Interest in the contest from the aqua feed industry showing there is growing demand for the use of alternative feed ingredients to replace marine protein sources, said Kevin Fitzsimmons, professor at the University of Arizona and F3 Challenge spokesperson. “The fact that many of the largest aquaculture farming companies producing salmon, tilapia, carp, catfish and shrimp are pledging to conduct commercial scale feeding trials with the winning F3 diets provides additional proof,” he added.
“Another encouraging development has been the support of the NGO community who recognize the multiple benefits of utilizing alternative ingredients and reducing the demand on forage fisheries,” he told FeedNavigator. “Their switch from opposition of aquaculture to active support and funding of more sustainable practices in aquaculture is rapidly affecting the industry and speeding innovation and improvements.”
The companies that have offered to run trials for winners or finalists producing a feed relating to their specific species in production include Marine Harvest, Alpha Feed, Guangdong Yuehai Feed Group and Dainichi, said officials with the challenge.
The F3 contest has focused on building support for the generation and use of aquaculture feeds that feature alternative protein sources.
The competition started in November 2015 to promote innovation and use of aqua feeds that do not include marine-based proteins or ingredients.
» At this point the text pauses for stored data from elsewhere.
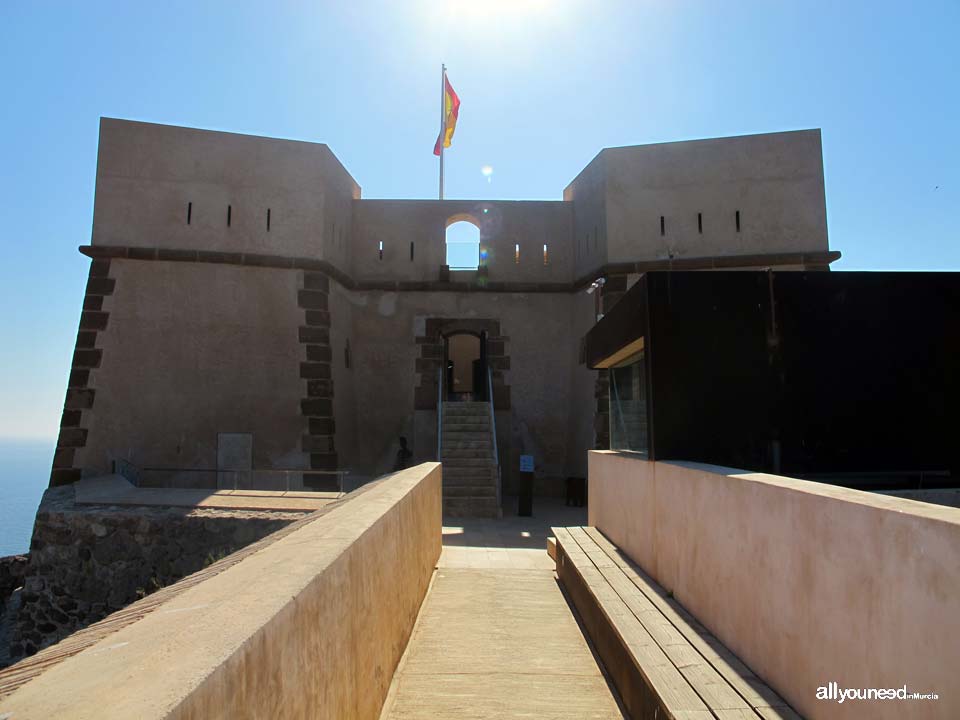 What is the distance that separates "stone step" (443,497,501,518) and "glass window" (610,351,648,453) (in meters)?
5.57

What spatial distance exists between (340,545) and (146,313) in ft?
39.9

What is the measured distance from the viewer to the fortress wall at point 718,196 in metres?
13.4

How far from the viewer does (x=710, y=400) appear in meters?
4.66

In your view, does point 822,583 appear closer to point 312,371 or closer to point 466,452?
point 466,452

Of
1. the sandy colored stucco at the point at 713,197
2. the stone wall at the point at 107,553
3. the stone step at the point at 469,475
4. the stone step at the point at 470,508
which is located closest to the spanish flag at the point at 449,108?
the sandy colored stucco at the point at 713,197

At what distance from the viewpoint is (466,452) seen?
13.2m

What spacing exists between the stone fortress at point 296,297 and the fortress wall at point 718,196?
31mm

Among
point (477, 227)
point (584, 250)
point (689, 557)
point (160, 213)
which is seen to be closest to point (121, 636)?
point (689, 557)

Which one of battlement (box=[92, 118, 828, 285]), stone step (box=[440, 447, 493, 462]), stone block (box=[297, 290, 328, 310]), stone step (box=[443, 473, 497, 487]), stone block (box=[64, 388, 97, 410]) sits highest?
battlement (box=[92, 118, 828, 285])

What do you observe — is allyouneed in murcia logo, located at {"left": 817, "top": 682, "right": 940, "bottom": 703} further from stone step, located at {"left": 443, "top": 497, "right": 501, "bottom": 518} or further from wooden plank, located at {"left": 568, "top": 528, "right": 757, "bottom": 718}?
stone step, located at {"left": 443, "top": 497, "right": 501, "bottom": 518}

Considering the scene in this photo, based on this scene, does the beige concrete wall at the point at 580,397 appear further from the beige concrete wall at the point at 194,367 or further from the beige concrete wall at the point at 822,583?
the beige concrete wall at the point at 822,583

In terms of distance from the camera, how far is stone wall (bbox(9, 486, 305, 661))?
353 inches

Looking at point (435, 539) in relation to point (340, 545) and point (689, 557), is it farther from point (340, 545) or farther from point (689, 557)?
point (340, 545)

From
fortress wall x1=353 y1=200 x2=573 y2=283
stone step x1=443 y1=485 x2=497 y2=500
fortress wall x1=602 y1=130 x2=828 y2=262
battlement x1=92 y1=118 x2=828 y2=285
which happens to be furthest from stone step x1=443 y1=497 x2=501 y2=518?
fortress wall x1=353 y1=200 x2=573 y2=283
Competitors stem from several different countries including Thailand, Indonesia, China, South Africa, Australia, Pakistan, Myanmar (Burma), the Netherlands and the US.
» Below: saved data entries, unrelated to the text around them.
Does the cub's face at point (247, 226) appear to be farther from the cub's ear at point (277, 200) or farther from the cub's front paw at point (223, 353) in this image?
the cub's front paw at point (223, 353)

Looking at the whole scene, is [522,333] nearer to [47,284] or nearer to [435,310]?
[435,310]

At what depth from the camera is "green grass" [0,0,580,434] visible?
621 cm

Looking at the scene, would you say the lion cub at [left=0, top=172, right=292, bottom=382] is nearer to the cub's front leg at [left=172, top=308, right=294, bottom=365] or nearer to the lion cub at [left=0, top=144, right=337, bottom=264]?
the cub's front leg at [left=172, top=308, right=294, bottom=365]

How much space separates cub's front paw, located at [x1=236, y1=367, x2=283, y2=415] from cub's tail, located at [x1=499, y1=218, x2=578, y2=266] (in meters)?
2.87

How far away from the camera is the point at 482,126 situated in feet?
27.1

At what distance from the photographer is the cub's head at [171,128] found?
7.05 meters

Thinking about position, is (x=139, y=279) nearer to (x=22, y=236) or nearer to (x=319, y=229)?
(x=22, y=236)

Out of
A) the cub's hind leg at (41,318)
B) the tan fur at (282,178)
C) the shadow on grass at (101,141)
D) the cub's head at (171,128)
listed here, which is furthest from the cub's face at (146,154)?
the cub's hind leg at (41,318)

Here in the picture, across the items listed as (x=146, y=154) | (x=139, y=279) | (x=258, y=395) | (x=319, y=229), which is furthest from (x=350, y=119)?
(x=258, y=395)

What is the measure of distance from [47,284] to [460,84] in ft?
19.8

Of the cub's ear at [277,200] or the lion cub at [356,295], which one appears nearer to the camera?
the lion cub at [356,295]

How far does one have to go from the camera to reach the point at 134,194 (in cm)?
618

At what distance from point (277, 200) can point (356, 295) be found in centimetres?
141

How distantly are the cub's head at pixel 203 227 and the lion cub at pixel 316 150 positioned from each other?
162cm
The teams are racing to see which of them will be first to produce and sell 100,000 metric tons of fish feed without marine-based proteins or oil by September 15 2017. If no team reaches the goal, the grand prize of $200,000 goes to the team that achieves tonnage in and around the 100K mark.
Japan-based Dainichi has offered to test a fish free fish feed deemed economically sustainable. China's Alpha Feed and Guangdong Yuehai Feed Group said they will run digestibility and grow-out trials for either a winner or finalist with a feed for a relevant species.
Both Chinese companies have said that it is important to support innovation in aqua feed to better protect the environment and wild fish population, according to the contest organizers.
Investments in “promising ingredient suppliers” have been increasing, said Fitzsimmons. “Likewise, the last six months have seen a plethora of feed companies buying alternative ingredient companies and the larger ingredient companies buying feed mills,” he added.
The aquaculture industry is seeing a shift, as more promotion efforts, including research and demonstrations, are being done or funded by companies working with alternative feed ingredients like insect meal, algae and microbial products, he said.
“We are approaching a seismic shift in how we feed fish and shrimp,” he said. “Wild caught fishmeal and oil will be replaced by a balanced mix of more sustainably produced proteins and oils.”
The response has been beyond what competition creators expected considering how slowly the use of soybeans in aqua feed has expanded, he said. However, several factors have combined to speed up the turn to alternative protein ingredients.
Some of those factors include the increased price and limited amounts of fishmeal and fish oil available, and the growth in production of alternative ingredients, said Fitzsimmons. “Finally, the strong technical evidence of efficacy by the scientific community and support from the environmental NGO's has put additional wind in the sails of the new ingredient suppliers,” he said.